DATA EXCERPT
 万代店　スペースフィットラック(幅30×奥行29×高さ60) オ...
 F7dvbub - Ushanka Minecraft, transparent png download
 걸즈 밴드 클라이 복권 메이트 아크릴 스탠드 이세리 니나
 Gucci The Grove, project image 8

EXERCISE OBJECTIVE
Reproduce every line of the data exactly as it was written.

EXERCISE SOLUTION
 万代店　スペースフィットラック(幅30×奥行29×高さ60) オ...
 F7dvbub - Ushanka Minecraft, transparent png download
 걸즈 밴드 클라이 복권 메이트 아크릴 스탠드 이세리 니나
 Gucci The Grove, project image 8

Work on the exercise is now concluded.